Everybody says that immutable objects are thread safe, but why is this?
Take the following scenario running on a multi core CPU:
The object's immutability isn't the real question in your scenario. Rather, your description's issue revolves around the reference, list, or other system which points to the object. It would of course need some sort of technique to make sure the old object is no longer availble to the thread which may have tried to access it.
The real point to immutable object's thread safety is that you don't need to write a bunch of code to produce thread safety. Rather the framework, OS, CPU (and whatever else) do the work for you.
I'm not sure that a memory gate would change this scenario, as that would surely only affect subsequent reads... and then the question becomes reads from where?
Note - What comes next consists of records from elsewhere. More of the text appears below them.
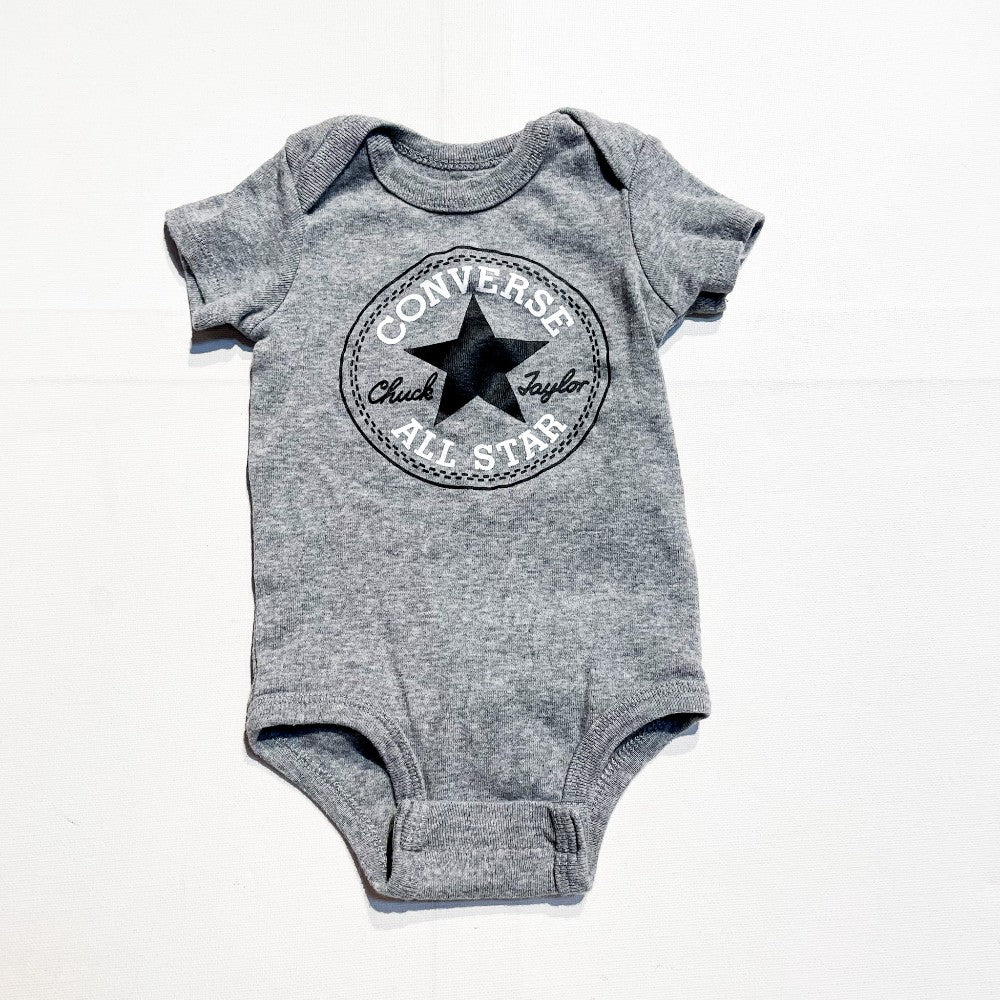 Converse 0-6M|179256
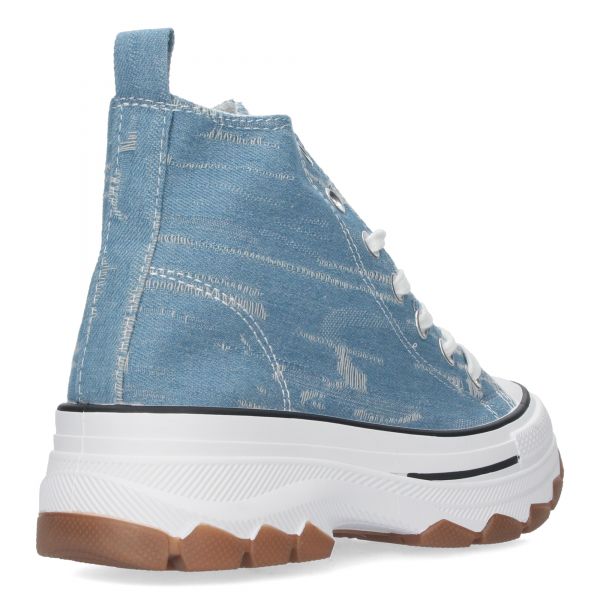 EV-100-Jeans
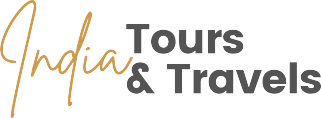 India Tours & Travels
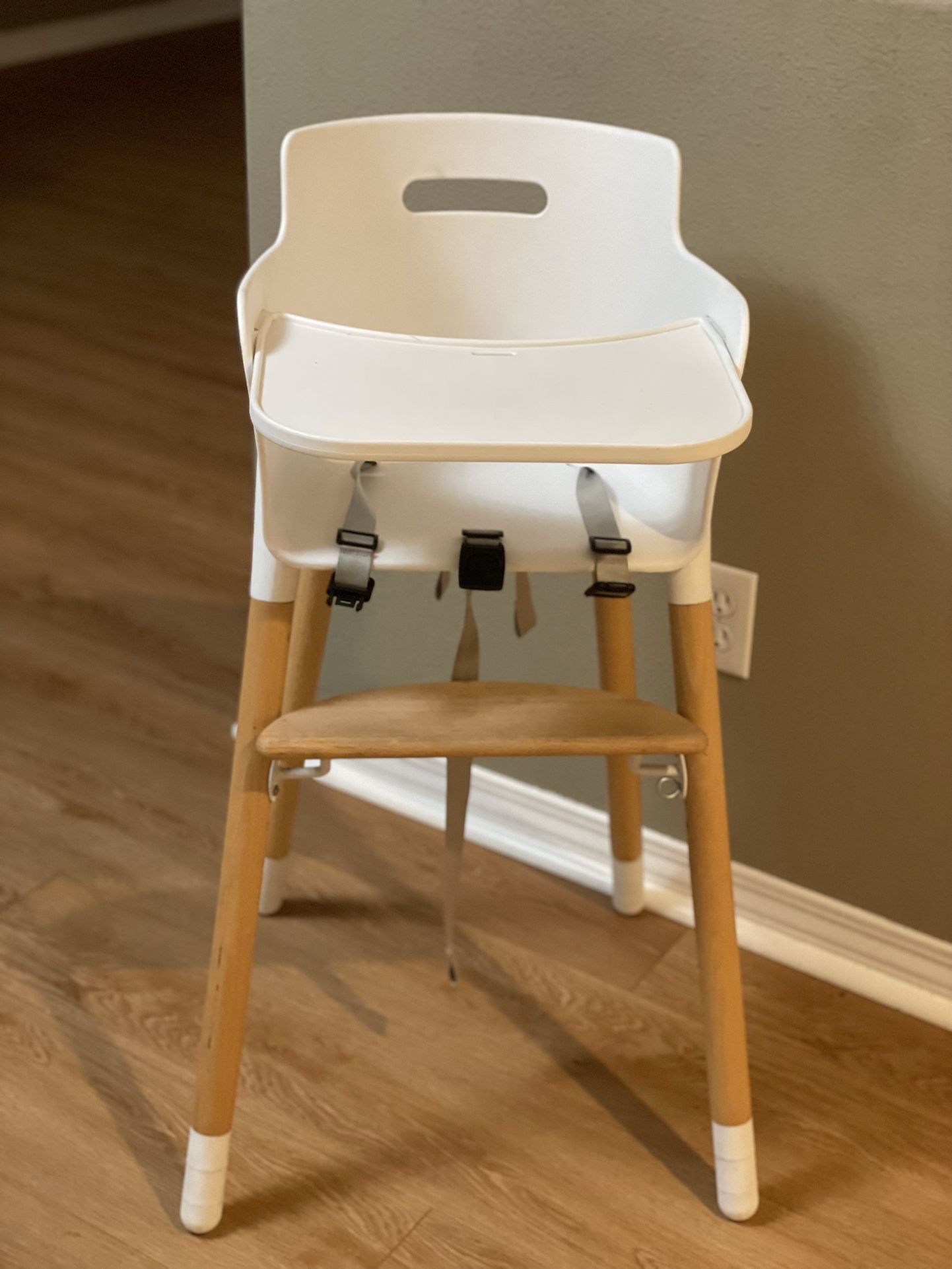 High Chair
If it is from a field (which must at a minimum be static or an instance fields for some instance still on the stack or otherwise reachable), or local variable - then by definition it isn't available for collection.
Re the scenario where that reference is only now in the registers... that is far trickier. Intuitively I want to say "no that isn't a problem", but it would take a detailed look at the memory model to prove it. But handling references is such a common scenario that simply: this has to work.
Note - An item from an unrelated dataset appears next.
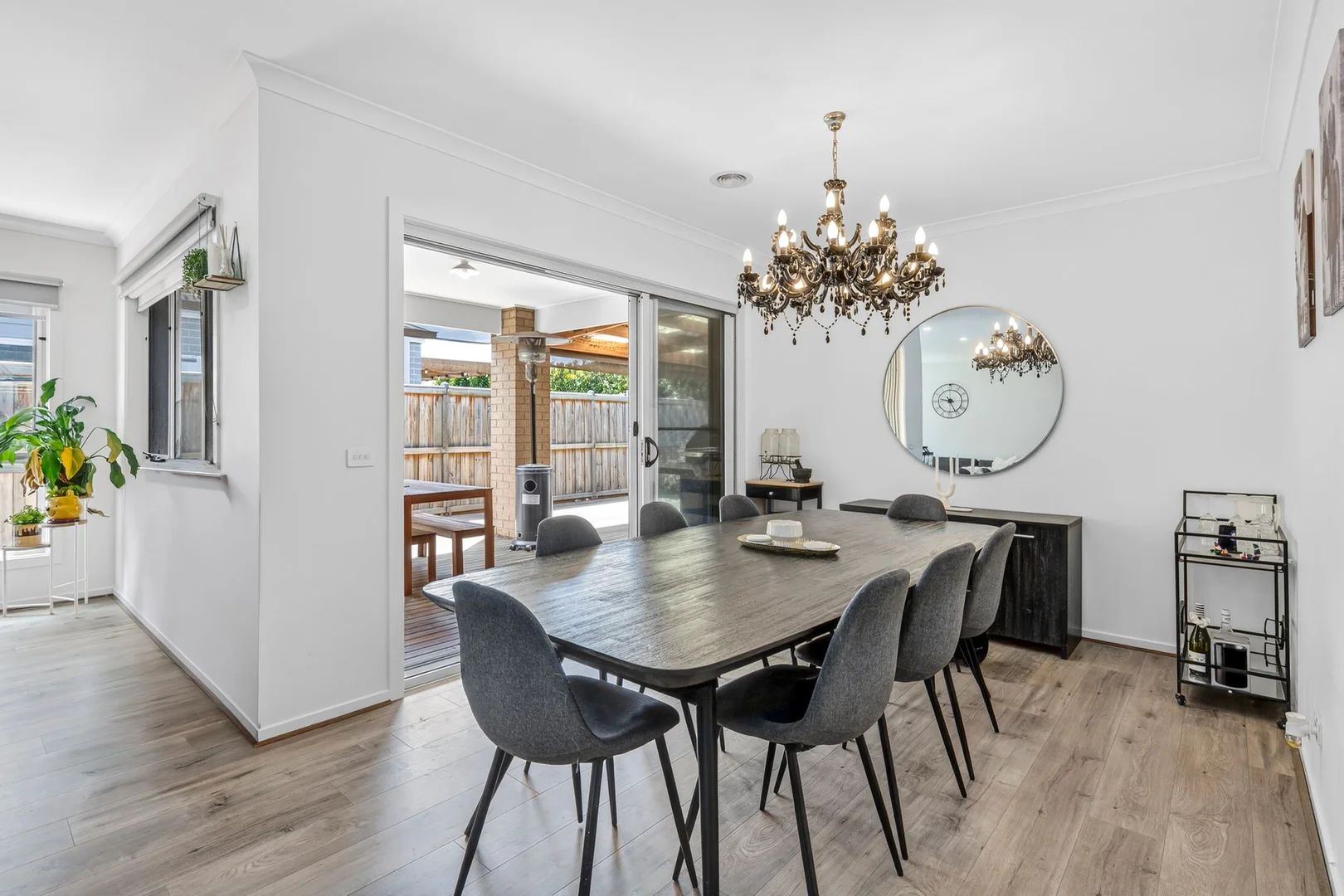 Additional image 12 of 12 Languid Street, Armstrong Creek VIC 3217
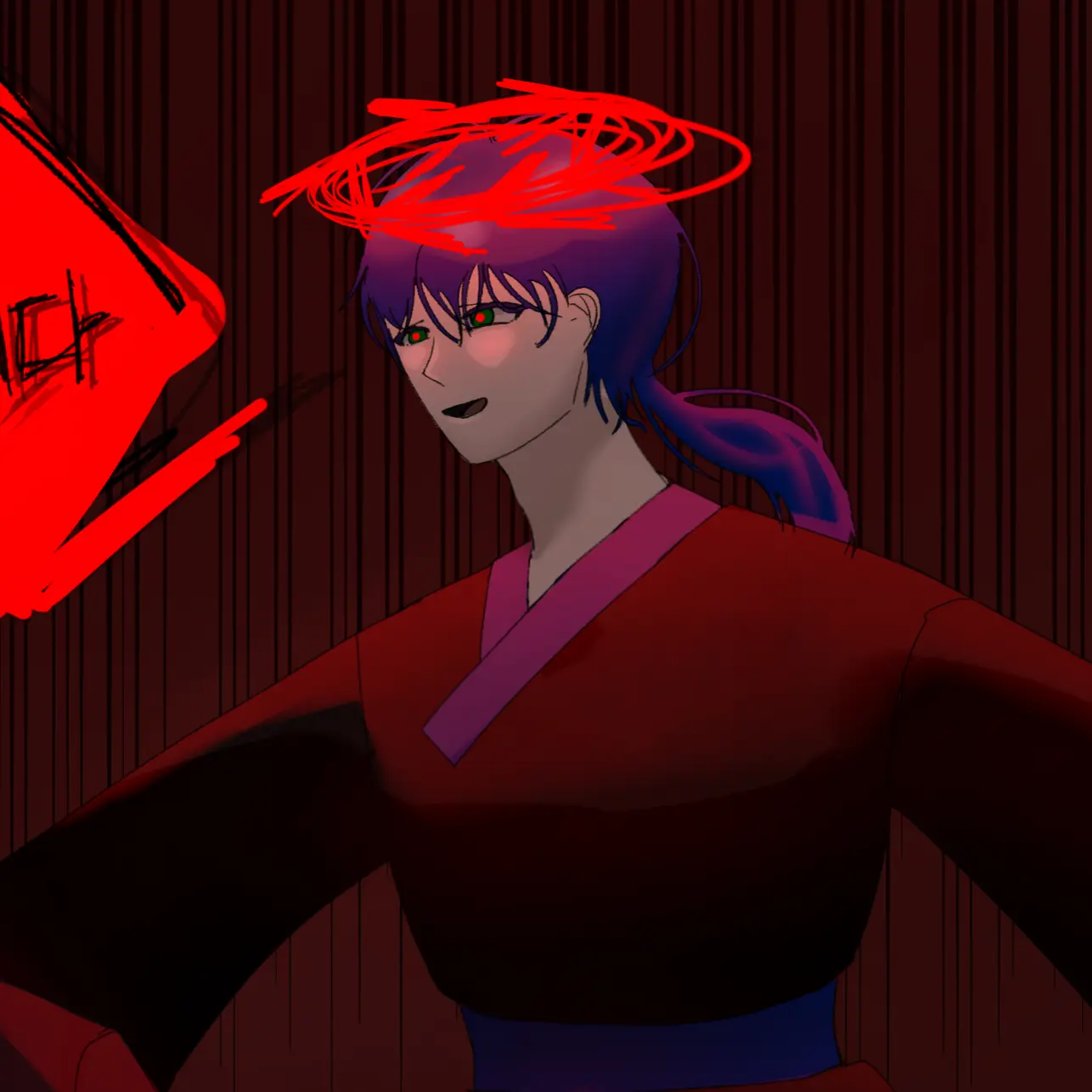 Ipali_is_free의 무엇을 위한 찬란가.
You're missing that it would be a bad garbage collector indeed that let such a thing happen. The reference on core 1 should have prevented the object from being GCd.
I think what you're asking is whether, after an object is created, the constructor returns, and a reference to it is stored somewhere, there is any possibility that a thread on another processor will still see the old data. You offer as a scenario the possibility that a cache line holding instance data for the object was previously used for some other purpose.
Under an exceptionally weak memory model, such a thing might be possible, but I would expect any useful memory model, even a relatively weak one, would ensure that dereferencing an immutable object would be safe, even if such safety required padding objects enough that no cache line be shared between object instances (the GC will almost certainly invalidate all caches when it's done, but without such padding, it would be possible that an immutable object created by core #2 might share a cache line with an object that core #1 had previously read). Without at least that level of safety, writing robust code would require so many locks and memory barriers that it would be hard to write multi-processor code that wasn't slower than single-processor code.
The popular x86 and x64 memory models provide the guarantee you seek, and go much further. Processors coordinate 'ownership' of cache lines; if multiple processors want to read the same cache line, they can do so without impediment. When a processor wants to write a cache line, it negotiates with other processors for ownership. Once ownership is acquired, the processor will perform the write. Other processors will not be able to read or write the cache line until the processor that owns the cache line gives it up. Note that if multiple processors want to write the same cache line simultaneously, they will likely spend most of their time negotiating cache-line ownership rather than performing actual work, but semantic correctness will be preserved.